(Beginning of Collected material)

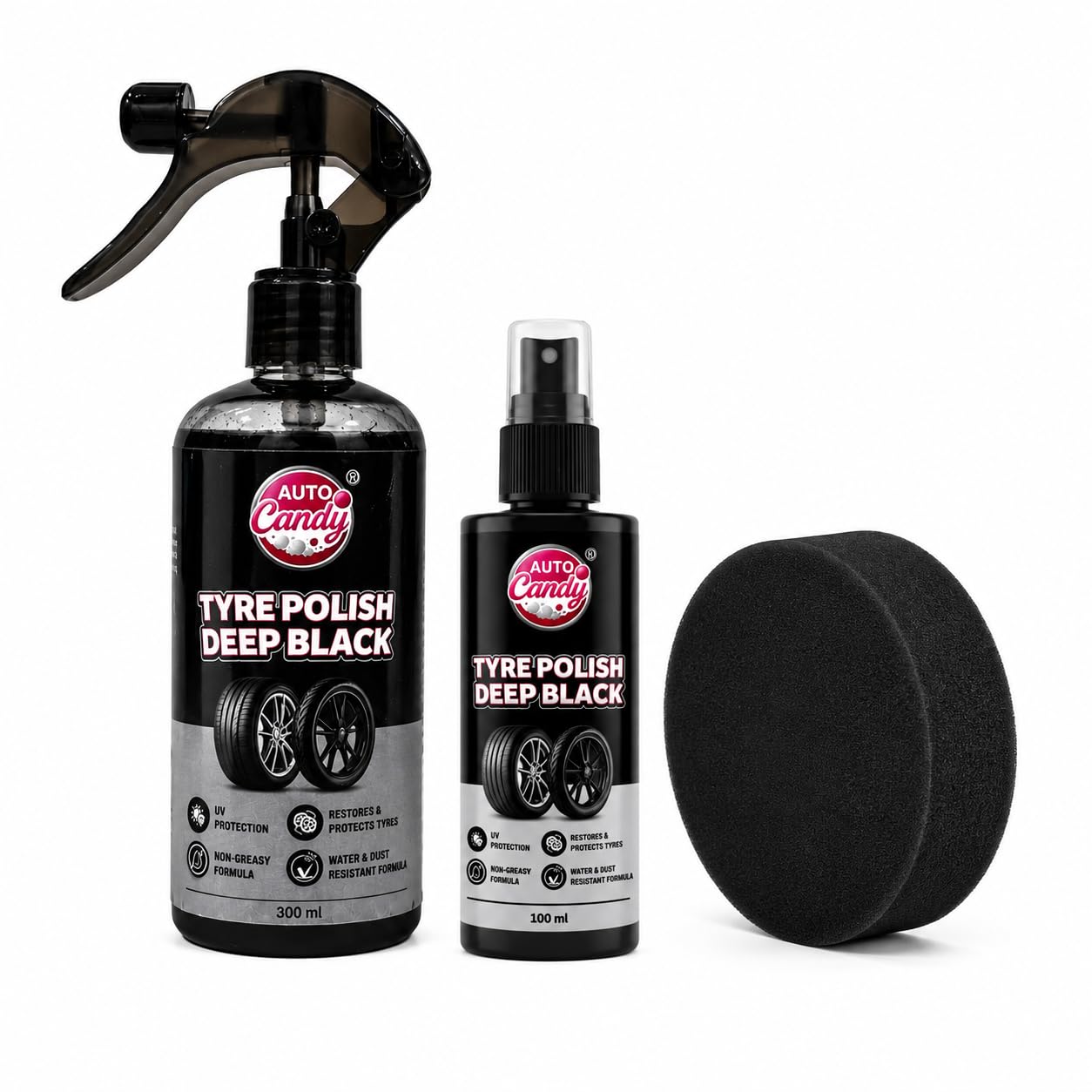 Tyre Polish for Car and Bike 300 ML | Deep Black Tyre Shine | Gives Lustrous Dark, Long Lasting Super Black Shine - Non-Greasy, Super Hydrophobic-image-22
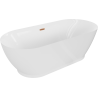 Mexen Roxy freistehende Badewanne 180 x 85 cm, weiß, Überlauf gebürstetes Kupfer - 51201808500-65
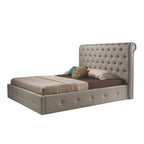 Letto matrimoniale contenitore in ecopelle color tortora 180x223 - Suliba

(End of Collected material)

• About this exercise: Leaving out the pictures, restate the listing above exactly.

• Output:
 Tyre Polish for Car and Bike 300 ML | Deep Black Tyre Shine | Gives Lustrous Dark, Long Lasting Super Black Shine - Non-Greasy, Super Hydrophobic-image-22
 Mexen Roxy freistehende Badewanne 180 x 85 cm, weiß, Überlauf gebürstetes Kupfer - 51201808500-65
 Letto matrimoniale contenitore in ecopelle color tortora 180x223 - Suliba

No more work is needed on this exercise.